Autoportrait au globe
Le Cloître de Bramante consacre jusqu'au 22 février prochain une grande rétrospective consacrée à l'artiste, graveur et graphique des Pays-Bas, qui a développé une dimension conceptuelle et visuelle unique du langage artistique. Une exposition inhabituelle, fort didactique et très courue par les romains !
Plus de 150 œuvres sont présentées à cette manifestation, dont ses chefs-d'œuvre les plus célèbres, tels que La main tenant un miroir sphérique (Fondation MC Escher) Jour et nuit (Collection Giudiceandrea), Un autre monde (Giudiceandrea Collection), Chambre des escaliers (relativité) (Collection Giudiceandrea). Maniant le jeu et la magie, la tromperie et l'illusion, Escher nous donne à observer la nature d'une manière inhabituelle, avec un point de vue différent, afin de faire ressortir la beauté et la régularité géométrique qu'elle porte en filigrane. C'est lors d'un voyage en Italie, en 1922 (il avait 24 ans) que se manifeste chez l'artiste l'attrait pour le merveilleux et l'inhabituel. C'est de l'admiration et de l'étonnement qu'il éprouve pour la beauté de la Toscane, de la région de Sienne, puis pour la Calabre et pour les pentes abruptes des montagnes, pour l'aspect quasi-anthropomorphique du Pentedattilo, que nait ce besoin de transformer les paysages, puis les lieux, les bâtiments qui caractérise fortement son oeuvre.

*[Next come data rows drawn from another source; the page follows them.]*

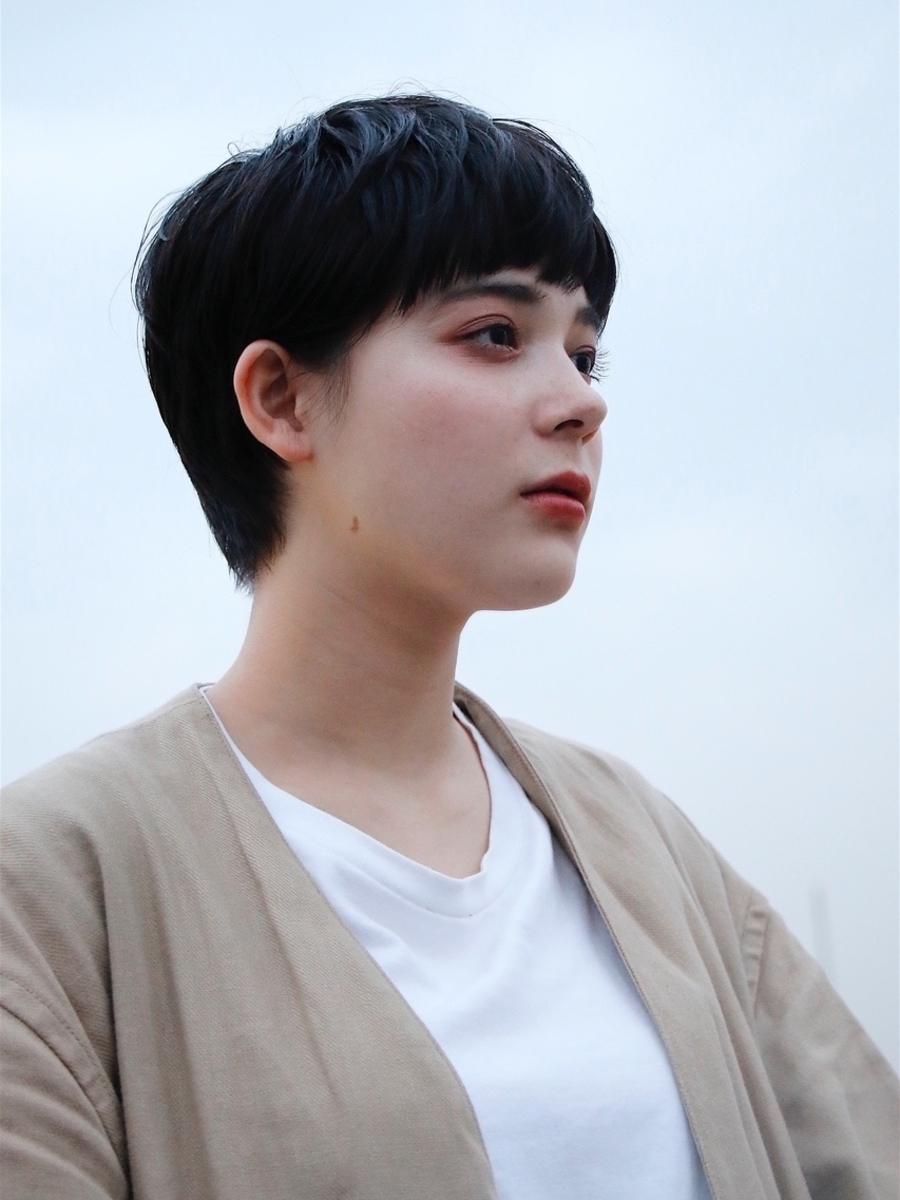 優雅 ショート 前髪 短め ヘアスタイル画像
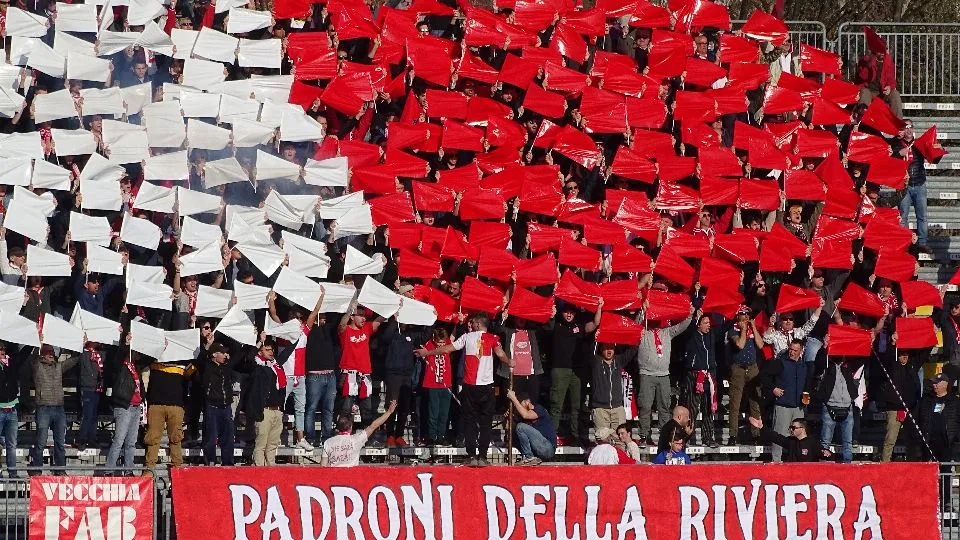La Curva Est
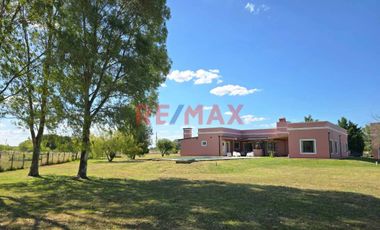 CASA 4 AMBIENTES VENTA CAÑUELAS 10400m2 c/PILETA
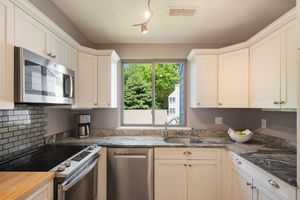 60 Rowayton Woods Drive, Norwalk, CT - Photo 11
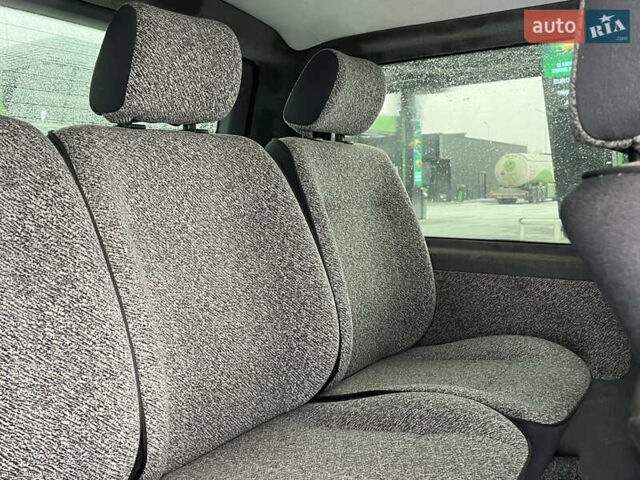 Чорний Мерседес Віто, об'ємом двигуна 2.15 л та пробігом 549 тис. км за 5899 $, фото 45 на Automoto.ua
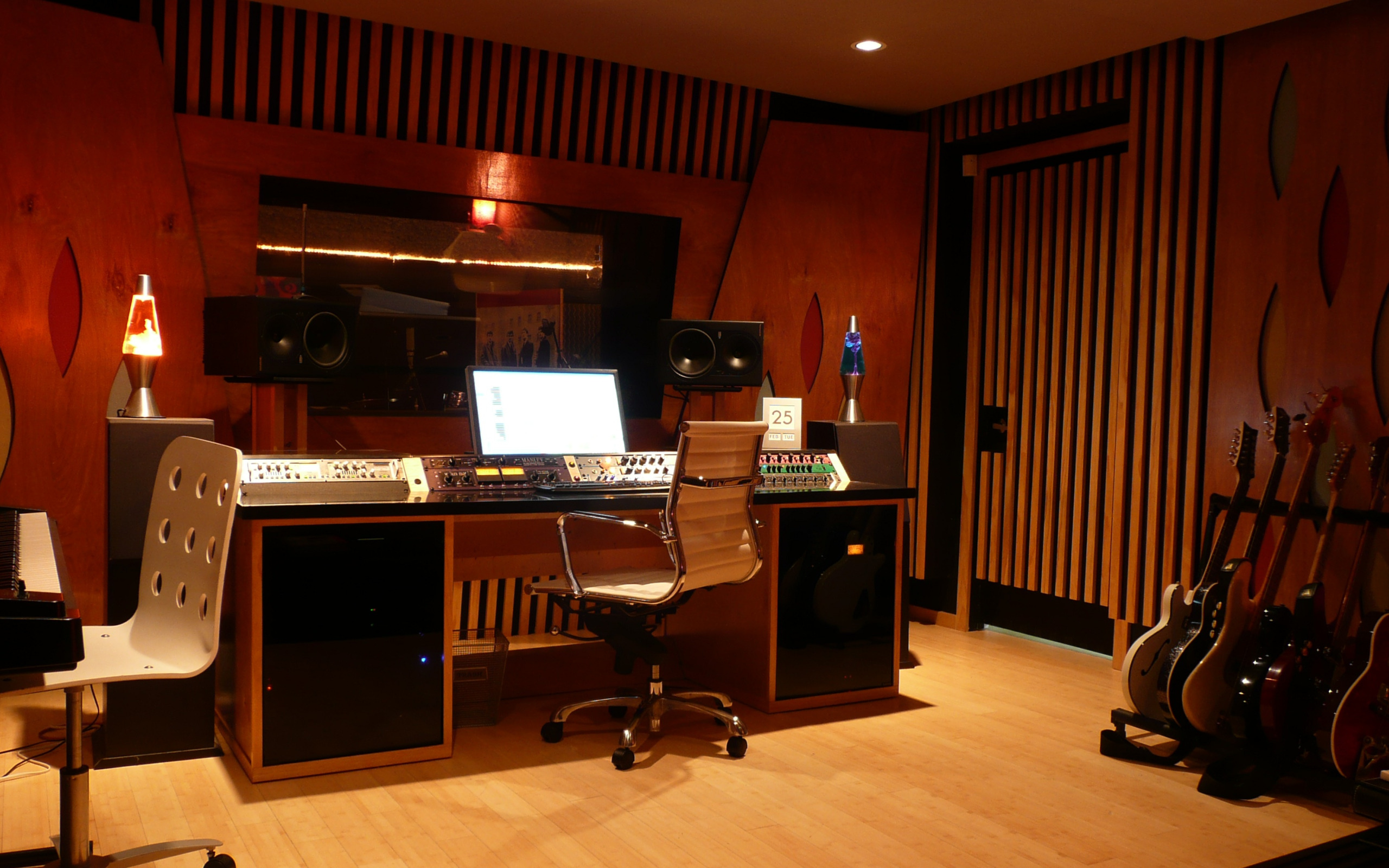 Музыкальная студия. Студия звукозаписи интерьер. Комната студия звукозаписи. Интерьер музыкальной комнаты.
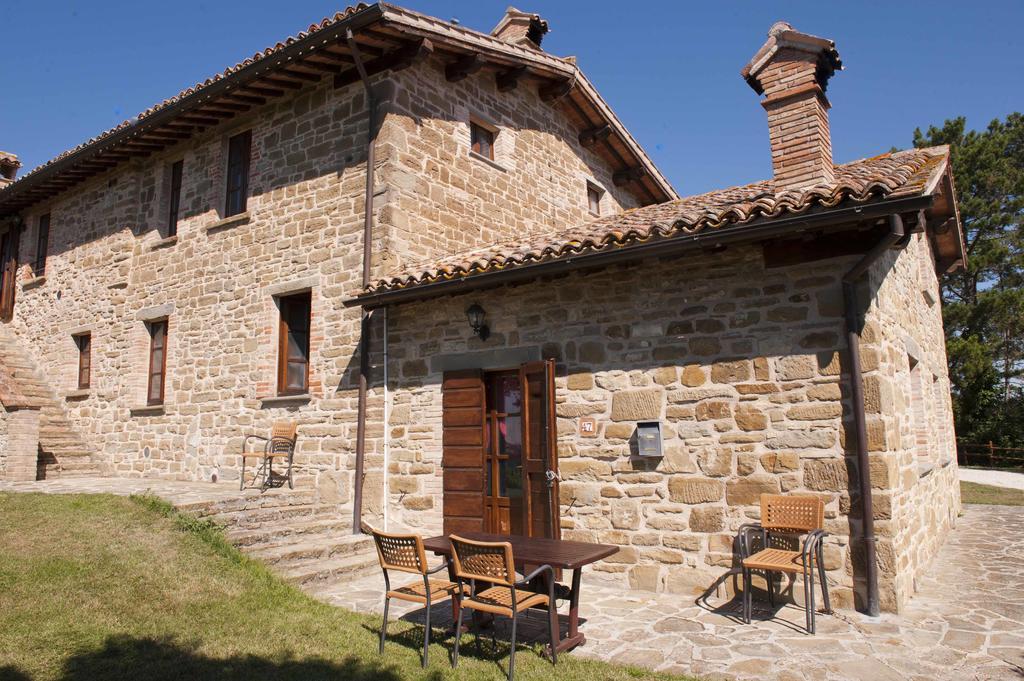 Agriturismo Tenuta Di Biscina Εξωτερικό φωτογραφία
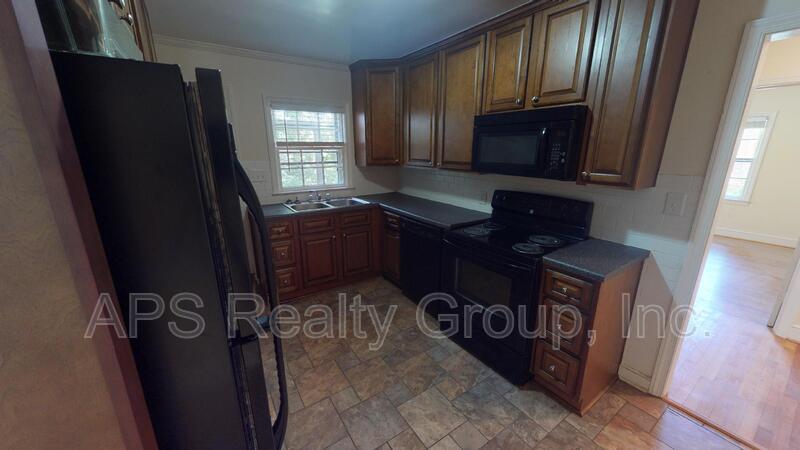 Building Photo - 1307 Brookwood Drive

Castrovalva, 1929. Un paysage qui semble s'étendre à l'infini. C'est l'une des plus belles oeuvres de jeunesse de l'artiste. "Pendant presque toute une journée je suis resté à dessiner sur cet étroit sentier de montagne. Au-dessus de moi il y avait une école et j'écoutais avec plaisir les voix limpides des enfants chantant des chansons."
"Escher se sent chez lui en Italie. Chaque printemps, il entreprend un voyage : les Abruzzes, la Campagne romaine, la Calabre, la Sicile, la Corse et Malte. Il part généralement avec d'autres artistes qu'il a connus à Rome." (1) Il retourne régulièrement en Italie les années suivantes, remplissant ses cartons de dessins de paysages vus sous des perspectives inhabituelles, ou de minuscules bêtes et plantes observées à la loupe. Son voyage en Espagne, sa visite de l'Alhambra dont les détails décoratifs complexes, basés sur des formules mathématiques et présentant des motifs répétitifs emboîtés sculptés dans la pierre des murs et des plafonds, ont aussi une profonde influence sur ses travaux.
Ces lieux méditerranéens, si différents de la monotonie de son Pays-Bas natal, très "horizontal", le fascinent par leurs espaces aux formes géométriques, terrain fertile pour les jeux de réflexion où son imagination se met, dès lors, à régner en maître. Il s'installe à Rome assez rapidement mais doit quitter la ville en 1935 quand le climat politique italien mussolinien devient insoutenable : opposé au fanatisme et à l'hypocrisie, il décide d'abandonner l'Italie quand son fils aîné, âgé de 9 ans, est contraint de porter un uniforme des Balilla à l'école. C'est trop pour lui, et il se réfugie en Suisse, où il ne se plait guère. Il n'y reste que deux ans, et en 1937 part pour Ixelles.
Les critiques - et les organisateurs de l'exposition ont pris cette option - s'accordent à répartir les travaux d'Escher en deux parties : ceux réalisés avant 1937, et ceux produits à partir de son départ de Suisse, quand il commença à donner plus librement cours à l'expression de son imagination.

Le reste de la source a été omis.